Thursday, May 12, 2016

Recalling Another Insane Election Year

For those too young to remember, imagine: As fighting in Vietnam rages on and the Tet Offensive makes us all too aware of the futility of our Southeast Asian military fiasco, Minnesota Sen. Eugene McCarthy decides to run as an antiwar candidate against incumbent President Lyndon Johnson. Supported by an army of “Clean for Gene” college students knocking on doors and making phone calls, McCarthy does surprisingly well, and then New York Sen. Robert Kennedy gets into the race, too. Johnson makes a surprise announcement that he will not seek a second term in the White House and McCarthy and Kennedy duke it out in the primaries.
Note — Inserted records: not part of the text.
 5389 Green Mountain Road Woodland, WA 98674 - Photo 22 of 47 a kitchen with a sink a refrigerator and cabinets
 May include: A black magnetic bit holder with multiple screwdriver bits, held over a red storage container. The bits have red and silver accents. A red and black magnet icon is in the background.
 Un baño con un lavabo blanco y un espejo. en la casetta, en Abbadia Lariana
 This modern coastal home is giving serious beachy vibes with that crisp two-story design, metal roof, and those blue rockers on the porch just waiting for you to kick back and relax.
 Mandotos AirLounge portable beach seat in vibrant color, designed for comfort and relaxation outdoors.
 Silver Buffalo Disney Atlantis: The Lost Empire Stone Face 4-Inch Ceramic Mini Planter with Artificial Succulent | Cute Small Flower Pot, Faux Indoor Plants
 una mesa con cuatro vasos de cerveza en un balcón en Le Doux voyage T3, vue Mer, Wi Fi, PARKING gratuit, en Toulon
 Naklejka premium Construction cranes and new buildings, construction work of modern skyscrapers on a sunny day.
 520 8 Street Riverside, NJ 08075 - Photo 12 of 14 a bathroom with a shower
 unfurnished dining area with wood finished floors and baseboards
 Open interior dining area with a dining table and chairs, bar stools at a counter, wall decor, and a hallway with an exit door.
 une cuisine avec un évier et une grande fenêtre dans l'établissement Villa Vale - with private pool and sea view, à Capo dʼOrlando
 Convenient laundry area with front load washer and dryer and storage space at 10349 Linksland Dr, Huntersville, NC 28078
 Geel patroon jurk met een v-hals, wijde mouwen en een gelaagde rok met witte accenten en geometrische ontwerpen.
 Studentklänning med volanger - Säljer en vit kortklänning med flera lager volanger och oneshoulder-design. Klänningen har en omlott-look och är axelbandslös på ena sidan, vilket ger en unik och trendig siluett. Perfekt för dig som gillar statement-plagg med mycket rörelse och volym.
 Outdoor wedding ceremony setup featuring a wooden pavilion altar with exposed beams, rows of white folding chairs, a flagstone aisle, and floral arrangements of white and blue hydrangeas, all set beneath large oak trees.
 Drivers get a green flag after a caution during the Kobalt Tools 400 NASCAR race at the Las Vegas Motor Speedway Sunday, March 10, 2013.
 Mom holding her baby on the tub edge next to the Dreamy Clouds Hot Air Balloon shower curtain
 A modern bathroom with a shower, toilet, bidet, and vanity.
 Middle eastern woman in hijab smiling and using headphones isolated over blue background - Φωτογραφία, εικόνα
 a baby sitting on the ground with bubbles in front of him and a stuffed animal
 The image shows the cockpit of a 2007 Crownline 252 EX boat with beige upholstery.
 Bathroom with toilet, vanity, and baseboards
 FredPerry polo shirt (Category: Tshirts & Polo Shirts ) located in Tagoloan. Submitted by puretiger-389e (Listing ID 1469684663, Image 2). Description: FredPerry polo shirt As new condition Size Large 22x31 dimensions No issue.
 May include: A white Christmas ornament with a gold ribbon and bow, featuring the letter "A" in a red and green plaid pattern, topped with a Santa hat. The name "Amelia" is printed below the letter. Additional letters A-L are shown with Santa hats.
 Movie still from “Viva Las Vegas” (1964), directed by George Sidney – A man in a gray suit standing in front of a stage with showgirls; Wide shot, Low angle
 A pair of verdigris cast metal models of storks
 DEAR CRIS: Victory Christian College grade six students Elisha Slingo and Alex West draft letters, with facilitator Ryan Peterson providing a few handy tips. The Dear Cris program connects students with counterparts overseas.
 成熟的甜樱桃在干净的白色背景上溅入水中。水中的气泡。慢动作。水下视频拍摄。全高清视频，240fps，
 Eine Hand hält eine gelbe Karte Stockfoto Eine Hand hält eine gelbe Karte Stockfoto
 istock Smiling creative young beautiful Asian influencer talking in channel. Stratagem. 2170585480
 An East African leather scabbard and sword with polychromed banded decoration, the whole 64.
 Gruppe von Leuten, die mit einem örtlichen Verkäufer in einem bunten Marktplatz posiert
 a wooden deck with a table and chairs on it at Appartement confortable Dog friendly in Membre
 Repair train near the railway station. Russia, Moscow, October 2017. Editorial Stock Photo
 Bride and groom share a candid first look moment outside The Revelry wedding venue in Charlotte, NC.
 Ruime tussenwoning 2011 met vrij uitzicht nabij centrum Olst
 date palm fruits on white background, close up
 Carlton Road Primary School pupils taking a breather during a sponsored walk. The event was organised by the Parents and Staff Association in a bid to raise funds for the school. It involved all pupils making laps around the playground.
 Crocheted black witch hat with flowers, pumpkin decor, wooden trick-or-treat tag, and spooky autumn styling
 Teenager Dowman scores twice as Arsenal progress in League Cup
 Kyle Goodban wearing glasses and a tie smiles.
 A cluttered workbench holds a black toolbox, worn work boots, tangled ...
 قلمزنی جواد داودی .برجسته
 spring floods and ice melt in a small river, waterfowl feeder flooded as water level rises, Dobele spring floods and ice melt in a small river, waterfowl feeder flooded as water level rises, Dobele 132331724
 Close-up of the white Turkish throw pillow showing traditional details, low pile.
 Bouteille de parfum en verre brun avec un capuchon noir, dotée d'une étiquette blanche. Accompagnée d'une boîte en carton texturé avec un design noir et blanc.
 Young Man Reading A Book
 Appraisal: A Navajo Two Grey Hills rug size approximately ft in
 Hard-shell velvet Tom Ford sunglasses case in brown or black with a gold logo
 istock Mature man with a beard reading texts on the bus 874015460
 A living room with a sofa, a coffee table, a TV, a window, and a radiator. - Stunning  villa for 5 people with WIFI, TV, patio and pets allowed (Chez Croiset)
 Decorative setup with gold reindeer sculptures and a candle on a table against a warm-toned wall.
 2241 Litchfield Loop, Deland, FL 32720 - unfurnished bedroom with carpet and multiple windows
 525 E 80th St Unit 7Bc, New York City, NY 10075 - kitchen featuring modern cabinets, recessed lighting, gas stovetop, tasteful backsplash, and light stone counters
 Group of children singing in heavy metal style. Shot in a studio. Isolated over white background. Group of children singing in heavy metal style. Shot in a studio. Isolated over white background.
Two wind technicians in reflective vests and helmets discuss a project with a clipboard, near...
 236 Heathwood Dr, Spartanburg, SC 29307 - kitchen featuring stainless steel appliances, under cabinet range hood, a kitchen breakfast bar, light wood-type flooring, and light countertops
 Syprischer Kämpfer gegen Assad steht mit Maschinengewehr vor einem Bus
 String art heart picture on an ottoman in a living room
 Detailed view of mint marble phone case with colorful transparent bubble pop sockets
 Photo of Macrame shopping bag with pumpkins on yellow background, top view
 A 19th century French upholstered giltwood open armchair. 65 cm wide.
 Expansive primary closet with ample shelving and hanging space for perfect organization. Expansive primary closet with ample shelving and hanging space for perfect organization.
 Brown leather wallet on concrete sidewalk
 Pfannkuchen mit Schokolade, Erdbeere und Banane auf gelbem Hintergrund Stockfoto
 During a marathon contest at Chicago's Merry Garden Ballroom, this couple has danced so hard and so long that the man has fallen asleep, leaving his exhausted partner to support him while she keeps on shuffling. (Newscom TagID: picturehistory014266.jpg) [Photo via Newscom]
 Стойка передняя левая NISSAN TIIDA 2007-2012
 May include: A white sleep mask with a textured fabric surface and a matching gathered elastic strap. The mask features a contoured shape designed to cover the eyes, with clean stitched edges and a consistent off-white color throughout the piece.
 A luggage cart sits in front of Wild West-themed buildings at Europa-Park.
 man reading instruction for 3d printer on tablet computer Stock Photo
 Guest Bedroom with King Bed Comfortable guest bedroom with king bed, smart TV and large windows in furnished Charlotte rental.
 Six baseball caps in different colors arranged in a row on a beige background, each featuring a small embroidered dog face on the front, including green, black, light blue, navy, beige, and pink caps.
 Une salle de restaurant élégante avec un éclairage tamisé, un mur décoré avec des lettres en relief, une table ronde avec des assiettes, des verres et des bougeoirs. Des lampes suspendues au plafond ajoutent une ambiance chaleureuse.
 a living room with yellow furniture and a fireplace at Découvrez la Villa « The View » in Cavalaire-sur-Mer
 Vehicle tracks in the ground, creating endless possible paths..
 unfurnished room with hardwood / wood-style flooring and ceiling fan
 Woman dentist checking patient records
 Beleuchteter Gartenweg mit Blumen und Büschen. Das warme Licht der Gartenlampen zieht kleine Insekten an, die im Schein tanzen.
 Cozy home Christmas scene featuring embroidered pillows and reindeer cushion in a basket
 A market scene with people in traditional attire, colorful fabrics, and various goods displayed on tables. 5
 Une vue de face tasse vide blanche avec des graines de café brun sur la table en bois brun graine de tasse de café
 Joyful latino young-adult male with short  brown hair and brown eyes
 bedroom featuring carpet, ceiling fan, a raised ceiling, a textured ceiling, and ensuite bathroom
In the midst of all this, civil rights giant Martin Luther King Jr., is assassinated in Memphis, Tennessee, and riots erupt across the cities of the United States. Two months later, Kennedy is murdered in the kitchen of a Los Angeles hotel just minutes after winning the California primary. In August, eight years after his defeat by John F. Kennedy, the Republicans bring back Richard Nixon as their presidential candidate and the Democrats select Vice President Hubert Humphrey, who has not run in a single primary, as their party’s standard bearer. Simultaneously, a police riot against protesters outside the Democratic convention in Chicago leaves an indelible image of chaos, tear gas and blood. Nixon wins the election with a well-executed campaign set to the accompaniment of dog whistle signals against minorities and left-wing dissenters.

Oh, and one other thing — Alabama Gov. George Wallace, arch segregationist and race baiter, runs as the third-party candidate of the American Independent Party, campaigning as a rebel populist seeking the votes of the angry, white working class. He wins almost 10 million votes and carries five states in the South.

 Michael Winship @ Bill Moyers
As his poll numbers rose from single digits in the spring to more than 20 percent by the fall, it was no longer possible to ignore [Alabama Gov. George] Wallace, and the major newsmagazines and largest newspapers attacked him with a barrage of thinly veiled invective: He was “simplistic”; he had not “one constructive proposal to offer a troubled nation”; he sought “political profit in fear and hate.” Attacks by the mainstream media only strengthened his support.

[...]

On paper his speeches were stunningly disconnected, at times incoherent. But videotapes of those 1968 rallies captured a performance. A wild energy seemed to flow back and forth between Mr. Wallace and his audience as he called out their mutual enemies: bearded hippies, pornographers, sophisticated intellectuals who mocked God, traitorous anti-Vietnam War protesters, welfare bums, cowardly politicians and “pointy-head college professors who can’t even park a bicycle straight.”

[...]

At the same time, the rejection of the euphemisms of polite political rhetoric is part of the great appeal of such figures. As one of [Donald] Trump’s supporters at a Dallas rally told a Slate reporter: “I love that he’s talking in everybody else’s language. He’s not trying to be politically correct.”

THAT response is simply an update from one of Mr. Wallace’s 1968 followers: “George doesn’t give us some mealy-mouth ‘on the one hand and on the other’ spiel. He tells it like it is and if it offends some government bureaucrats and loudmouth civil rights agitators, so what? He’s standing up and fighting for real Americans.”

[...]

For the television networks the spectacle became irresistible, particularly since rallies often erupted into violent chair-throwing confrontations between Mr. Wallace’s supporters and angry demonstrators.

[...]

It is more difficult to assess the long-term implications of a figure like Mr. Trump, whose “policies” seem even more incoherent than those of George Wallace. He, too, has learned how to exploit the deepest fears and hatreds of white Americans frightened about the present and despairing of the future.

[...]

Both George Wallace and Donald Trump are part of a long national history of scapegoating minorities: from the Irish, Catholics, Asians, Eastern European immigrants and Jews to Muslims and Latino immigrants. During times of insecurity, a sizable minority of Americans has been drawn to forceful figures who confidently promise the destruction of all enemies, real and imagined, allowing Americans to return to a past that never existed.